2015-11-16

By Devin Kirby, AmeriCorps member serving on the National Grid team with The English High School

If I had to pick a book to share with my students, it’d be John Steinbeck’s The Pearl. From what I’ve experienced serving in both 9th and 10th grade English language arts (ELA) and History classrooms, I guarantee the discussions generated by this particularly powerful novella would be engaging, enlightening, and thought-provoking. But first, the summary:

The Pearl takes place in turn-of-the-20th-century Mexico and follows the trials and tribulations of Kino, a poor native Mexican pearl diver. After Kino’s infant son Coyotito is stung by a scorpion, Kino luckily uncovers an ephemeral pearl of unprecedented size. Overjoyed at finding what quickly becomes known as The Pearl of the World, Kino and his wife Juana publicly display the pearl as a symbol of advancement out of poverty and hopelessness. This feeling is only compounded by Coyotito’s recovery, as the local doctor quickly attends to the baby on credit after hearing of Kino’s discovery. Kino and Juana foresee a better life for themselves and their son in the shimmers of the pearl—a dream that quickly devolves, in classic Steinbeck fashion, into a depressing sham.


Students were able to connect these conversations to their daily lives, extending Steinbeck’s representations of isolation and companionship as an avenue to discussing modern culture and social dynamics in the digital age of social media.

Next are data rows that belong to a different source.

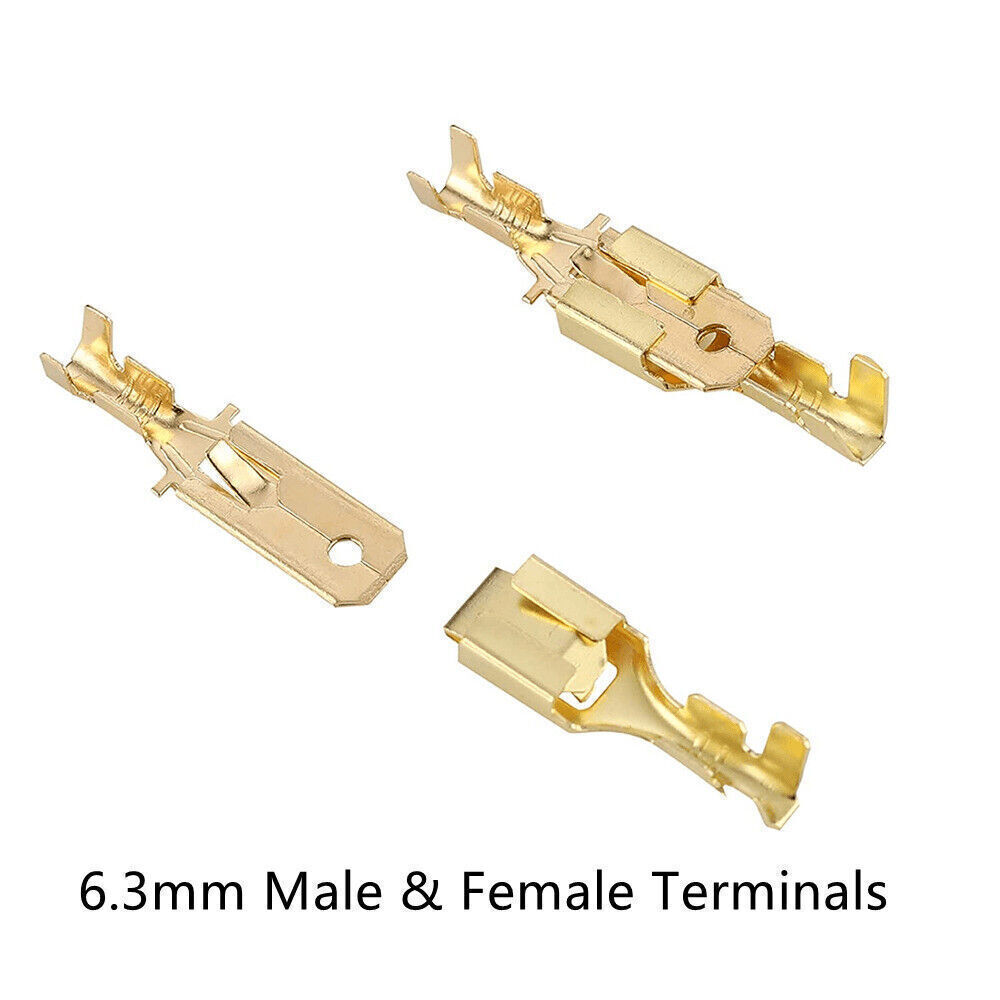 2.8mm 6.3mm Copper Female Non-Insulated Connector Quick Splice Spade Terminals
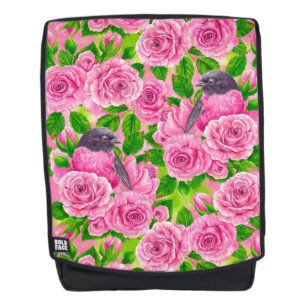 Mochila Robin rosado y rosas
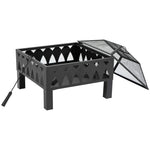 Outdoor Fire Pit W/ Screen & Poker, Black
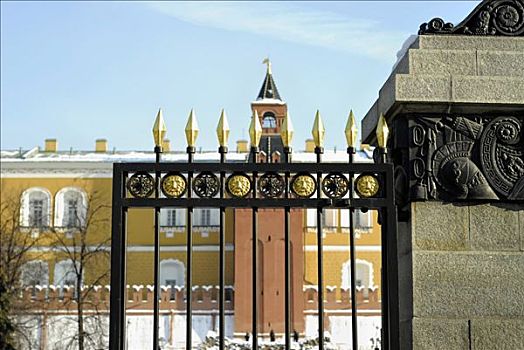 黑色,铁门,花园,靠近,克里姆林宫,墙,莫斯科,俄罗斯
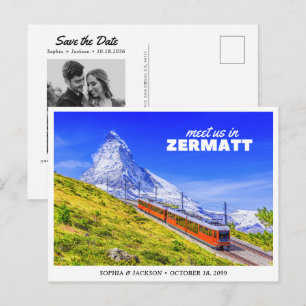 Zermatt Hochzeit Termin speichern Schweiz Retro Postkarte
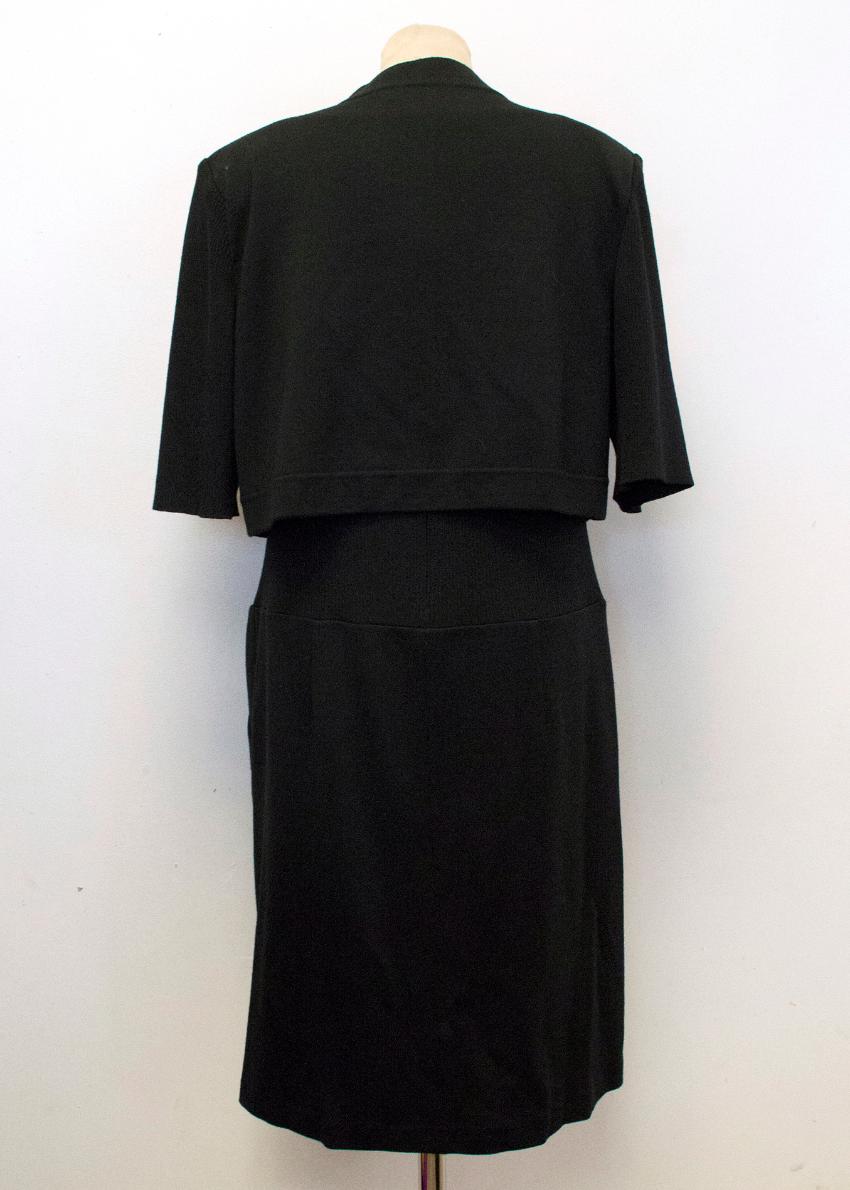 Preowned St John Black Wool Dress  Black Bolero Jacket Size S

The pearl dealers of the town reject the pearl as actually too large to be marketable, and Kino, furious, prepares to travel to the capital and sell it there. As he departs the village, he is ambushed, robbed, and attacked several times. When Juana steals the pearl and attempts to make it disappear, Kino beats her in a fit of rage. His son, Coyotito, is accidentally shot and killed by a tracker following them, and Kino himself is pushed to his limits and eventually murders several of his stalkers in cold blood. Defeated, Kino and Juana simply return to their village, where they toss the pearl back into the ocean.

It’s kind of a bummer, right? So now let me say why I’m excited.

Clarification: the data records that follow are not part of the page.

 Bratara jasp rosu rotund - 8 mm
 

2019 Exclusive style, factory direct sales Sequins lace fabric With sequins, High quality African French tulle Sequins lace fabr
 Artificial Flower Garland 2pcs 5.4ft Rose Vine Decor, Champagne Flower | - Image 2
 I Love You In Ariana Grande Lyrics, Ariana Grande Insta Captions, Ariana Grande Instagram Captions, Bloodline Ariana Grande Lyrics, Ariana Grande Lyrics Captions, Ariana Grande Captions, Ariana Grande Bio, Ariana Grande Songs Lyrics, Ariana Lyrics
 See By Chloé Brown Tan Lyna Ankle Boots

My 9th-graders just finished another Steinbeck classic, Of Mice and Men, a deceptively complex and layered text packed into barely 100 pages of dialogue written in Depression-era vernacular. In other words, it’s a quick read, but certainly not an easy or straightforward one. But the extent to which the students unraveled even its most nuanced points astounded me. Freewheeling discussions and written responses probed deeply into the central themes of dreams, friendship, loneliness, belonging and how the psychological effects of these abstract ideas manifest themselves in and through the characters. Even better, the students were able to connect these conversations to their daily lives, extending Steinbeck’s representations of isolation and companionship as an avenue to discussing modern culture and social dynamics in the digital age of social media. I saw a similar sequence unfold in History class, where 10th and 11th-graders used their experiences working after school jobs as a reference point when learning about Andrew Carnegie and workers’ rights reform in the early 1900s.

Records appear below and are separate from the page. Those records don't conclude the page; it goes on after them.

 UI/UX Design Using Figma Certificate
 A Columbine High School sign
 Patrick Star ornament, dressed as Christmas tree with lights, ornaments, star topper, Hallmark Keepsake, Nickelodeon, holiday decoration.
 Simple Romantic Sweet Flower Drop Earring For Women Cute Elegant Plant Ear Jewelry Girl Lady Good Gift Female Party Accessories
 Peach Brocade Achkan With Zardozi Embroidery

My students continue to impress me with their insight, and I have seen firsthand how their analysis of text catalyzes their critical thinking of the world around them. With The Pearl being such a morally loaded parable dealing with topics ranging from representations of wealth and social mobility to domestic violence and moral philosophy, I can only begin to guess as to what my students will learn about themselves, the world around them, and how they interact with it on a day-to-day basis. These are the threads I hope my students will continue to unravel with our hypothetical exploration of Steinbeck’s work.